* _EXERCISE DESCRIPTION_:
Search the entries below for the line containing "Zaal Fietsersbond verkiezingsdebat"; from there to the end, return every line exactly and add nothing.

[EXERCISE INPUTS]

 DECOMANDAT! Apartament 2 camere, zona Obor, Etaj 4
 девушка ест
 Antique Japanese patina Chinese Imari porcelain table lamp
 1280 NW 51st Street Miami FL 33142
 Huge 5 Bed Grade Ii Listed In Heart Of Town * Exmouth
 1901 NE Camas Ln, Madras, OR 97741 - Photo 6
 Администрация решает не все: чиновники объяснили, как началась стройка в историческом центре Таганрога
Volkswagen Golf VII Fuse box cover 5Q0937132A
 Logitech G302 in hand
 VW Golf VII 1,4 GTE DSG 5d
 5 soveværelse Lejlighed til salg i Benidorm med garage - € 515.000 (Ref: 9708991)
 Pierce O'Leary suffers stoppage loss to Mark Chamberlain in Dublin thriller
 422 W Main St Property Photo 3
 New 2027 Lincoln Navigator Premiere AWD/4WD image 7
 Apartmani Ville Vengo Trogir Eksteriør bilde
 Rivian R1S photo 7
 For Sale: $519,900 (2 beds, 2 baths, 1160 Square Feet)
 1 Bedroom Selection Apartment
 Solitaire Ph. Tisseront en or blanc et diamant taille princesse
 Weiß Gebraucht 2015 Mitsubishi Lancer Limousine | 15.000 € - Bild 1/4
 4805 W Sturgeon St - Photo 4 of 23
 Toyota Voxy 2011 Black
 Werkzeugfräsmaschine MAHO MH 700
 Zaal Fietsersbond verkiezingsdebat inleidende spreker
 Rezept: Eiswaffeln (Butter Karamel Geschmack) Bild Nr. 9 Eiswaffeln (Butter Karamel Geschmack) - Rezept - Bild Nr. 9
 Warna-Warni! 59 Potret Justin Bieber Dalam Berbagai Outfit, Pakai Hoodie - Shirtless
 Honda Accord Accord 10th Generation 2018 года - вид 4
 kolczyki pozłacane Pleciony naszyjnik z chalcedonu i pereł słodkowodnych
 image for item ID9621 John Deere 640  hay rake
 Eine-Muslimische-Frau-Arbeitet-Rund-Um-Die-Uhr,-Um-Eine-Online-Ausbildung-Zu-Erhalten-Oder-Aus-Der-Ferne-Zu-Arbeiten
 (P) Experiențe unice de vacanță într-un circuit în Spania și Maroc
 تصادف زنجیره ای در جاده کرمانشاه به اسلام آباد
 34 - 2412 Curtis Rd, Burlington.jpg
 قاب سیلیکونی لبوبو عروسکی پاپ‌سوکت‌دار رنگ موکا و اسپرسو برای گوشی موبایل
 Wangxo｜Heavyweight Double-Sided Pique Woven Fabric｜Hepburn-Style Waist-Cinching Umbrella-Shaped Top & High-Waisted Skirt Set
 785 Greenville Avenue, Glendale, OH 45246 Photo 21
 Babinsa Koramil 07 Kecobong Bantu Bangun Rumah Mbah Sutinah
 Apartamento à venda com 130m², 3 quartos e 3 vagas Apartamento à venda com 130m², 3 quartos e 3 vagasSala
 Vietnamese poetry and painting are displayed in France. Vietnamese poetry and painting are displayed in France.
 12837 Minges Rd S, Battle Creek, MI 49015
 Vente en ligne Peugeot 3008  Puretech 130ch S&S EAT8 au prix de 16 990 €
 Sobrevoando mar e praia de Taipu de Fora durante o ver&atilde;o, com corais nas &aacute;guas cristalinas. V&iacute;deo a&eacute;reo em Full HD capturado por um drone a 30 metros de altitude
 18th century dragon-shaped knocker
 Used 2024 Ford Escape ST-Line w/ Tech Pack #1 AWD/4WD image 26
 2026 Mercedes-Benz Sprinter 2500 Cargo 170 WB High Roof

[/EXERCISE INPUTS]

* _SOLUTION FOR THIS EXERCISE_:
 Zaal Fietsersbond verkiezingsdebat inleidende spreker
 Rezept: Eiswaffeln (Butter Karamel Geschmack) Bild Nr. 9 Eiswaffeln (Butter Karamel Geschmack) - Rezept - Bild Nr. 9
 Warna-Warni! 59 Potret Justin Bieber Dalam Berbagai Outfit, Pakai Hoodie - Shirtless
 Honda Accord Accord 10th Generation 2018 года - вид 4
 kolczyki pozłacane Pleciony naszyjnik z chalcedonu i pereł słodkowodnych
 image for item ID9621 John Deere 640  hay rake
 Eine-Muslimische-Frau-Arbeitet-Rund-Um-Die-Uhr,-Um-Eine-Online-Ausbildung-Zu-Erhalten-Oder-Aus-Der-Ferne-Zu-Arbeiten
 (P) Experiențe unice de vacanță într-un circuit în Spania și Maroc
 تصادف زنجیره ای در جاده کرمانشاه به اسلام آباد
 34 - 2412 Curtis Rd, Burlington.jpg
 قاب سیلیکونی لبوبو عروسکی پاپ‌سوکت‌دار رنگ موکا و اسپرسو برای گوشی موبایل
 Wangxo｜Heavyweight Double-Sided Pique Woven Fabric｜Hepburn-Style Waist-Cinching Umbrella-Shaped Top & High-Waisted Skirt Set
 785 Greenville Avenue, Glendale, OH 45246 Photo 21
 Babinsa Koramil 07 Kecobong Bantu Bangun Rumah Mbah Sutinah
 Apartamento à venda com 130m², 3 quartos e 3 vagas Apartamento à venda com 130m², 3 quartos e 3 vagasSala
 Vietnamese poetry and painting are displayed in France. Vietnamese poetry and painting are displayed in France.
 12837 Minges Rd S, Battle Creek, MI 49015
 Vente en ligne Peugeot 3008  Puretech 130ch S&S EAT8 au prix de 16 990 €
 Sobrevoando mar e praia de Taipu de Fora durante o ver&atilde;o, com corais nas &aacute;guas cristalinas. V&iacute;deo a&eacute;reo em Full HD capturado por um drone a 30 metros de altitude
 18th century dragon-shaped knocker
 Used 2024 Ford Escape ST-Line w/ Tech Pack #1 AWD/4WD image 26
 2026 Mercedes-Benz Sprinter 2500 Cargo 170 WB High Roof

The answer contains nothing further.